Studies of binding in membrane proteins are also possible, even in difficult cases where the ligand is a lipid itself. In two studies by our group, we were able to show the binding pathway of lipid ligands binding to target proteins. In one work, we simulated the binding of the lipid anandamide to the enzyme FAAH (Dainese et al 2014). We also demonstrated how cholesterol interacts with and modulates the enzyme. In another, still unpublished work, we demonstrated the mechanism of binding of al lipid inhibitor, ML056, to sphingosine-1-phosphate receptor 1 (S1PR1). In that work, we were able to reproduce the crystallographic binding pose of the inhibitor, as well as characterize several important conformational changes along the pathway to binding. These studies were computationally intensive, requiring 250 μs and 800 μs of simulation respectively, and would be effectively impossible without a HTMD paradigm using standard hardware.

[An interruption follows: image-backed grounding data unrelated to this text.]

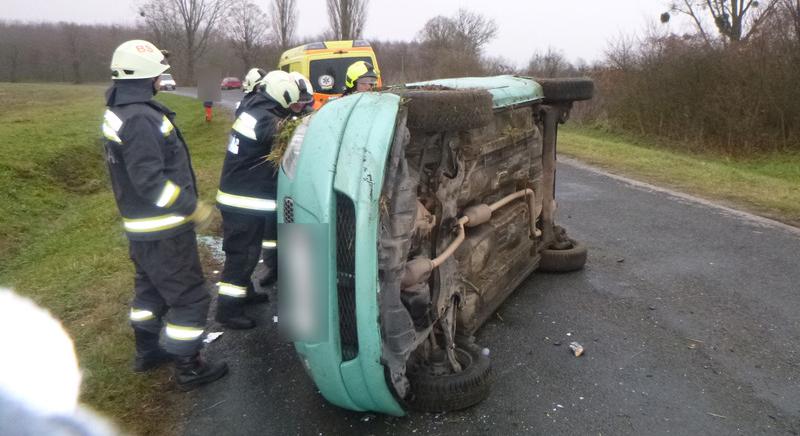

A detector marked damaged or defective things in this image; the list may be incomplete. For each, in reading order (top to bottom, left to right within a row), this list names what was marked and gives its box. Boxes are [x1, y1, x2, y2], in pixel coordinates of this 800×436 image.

overturned green car [276, 75, 592, 416]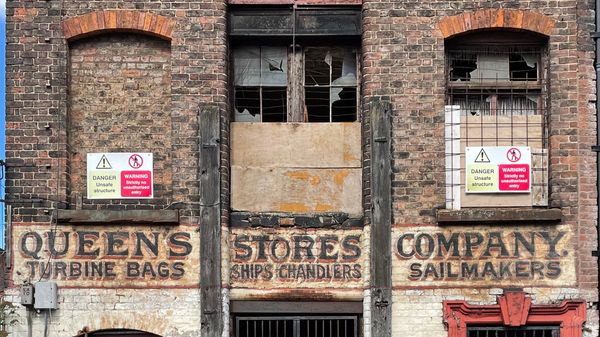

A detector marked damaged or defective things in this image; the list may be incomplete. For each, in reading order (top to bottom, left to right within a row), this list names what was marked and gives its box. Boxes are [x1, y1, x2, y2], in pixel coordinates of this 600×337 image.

corroded windowsill [436, 206, 564, 224]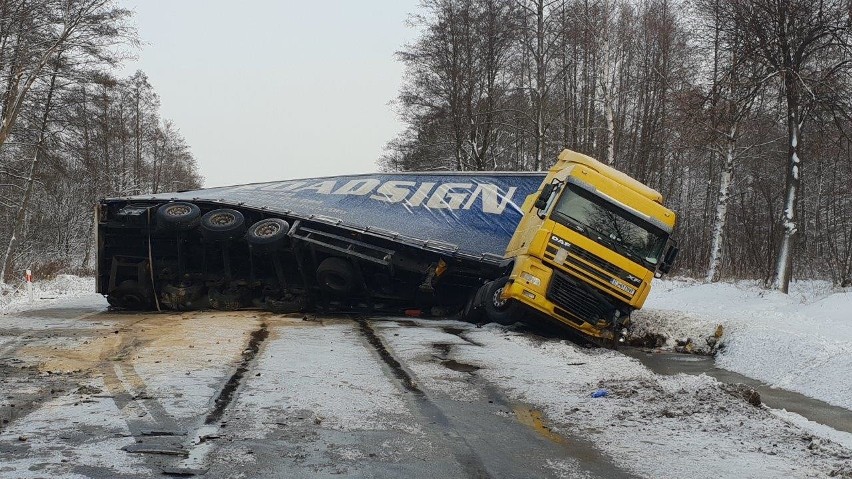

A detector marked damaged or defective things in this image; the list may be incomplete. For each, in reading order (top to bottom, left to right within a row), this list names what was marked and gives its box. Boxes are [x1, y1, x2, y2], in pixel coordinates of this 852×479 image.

overturned semi-truck [98, 150, 680, 344]
damaged truck cab [492, 150, 680, 342]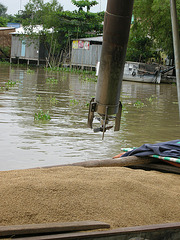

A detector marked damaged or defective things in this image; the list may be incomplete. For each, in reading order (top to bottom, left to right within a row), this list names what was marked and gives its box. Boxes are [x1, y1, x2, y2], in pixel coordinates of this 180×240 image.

rusty metal [88, 0, 134, 139]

Drug design is more than just molecular recognition and binding. Often some fundamental activity of the protein remains to be understood before a drug discovery initiative can even start. MD has also been used to demonstrate that a postulated mechanism for HIV protease to cleave itself out of a long protein chain was indeed correct (Sadiq et al 2012). Novel behavior in the KID disordered protein (Stanley et al 2014) was also unveiled by a massive use of HTMD simulations. Accurately assessing the kinetic properties of both these systems was important and required 335 μs and 1.7 ms of simulation, respectively. And as a further example of how simulations can be important for therapeutic discovery, Shan et al. have used them to explain how mutations to EGFR lead to cancers (Shan et al 2012; Shan et al 2013).

Conclusion

Computational tools are incorporated into the drug discovery pipeline because they speed up or corroborate experimental tests along the iterative cycle towards a drug. Molecular dynamics simulations are now accurate and fast enough that they can be used to help guide design choices of potential drugs. HTMD studies allow the full binding process of a compound to be sampled, giving important details on transient interactions, kinetics, affinity, and final resting pose. It can be used to test and rank an array of fragment compounds or analyze the binding of a lead compound. Further, they can be used to understand basic biophysical behavior that may be important before drug design even begins. As the raw power of individual GPUs increases and cloud services become ever cheaper and more routinely accessible, such studies will become even more commonplace.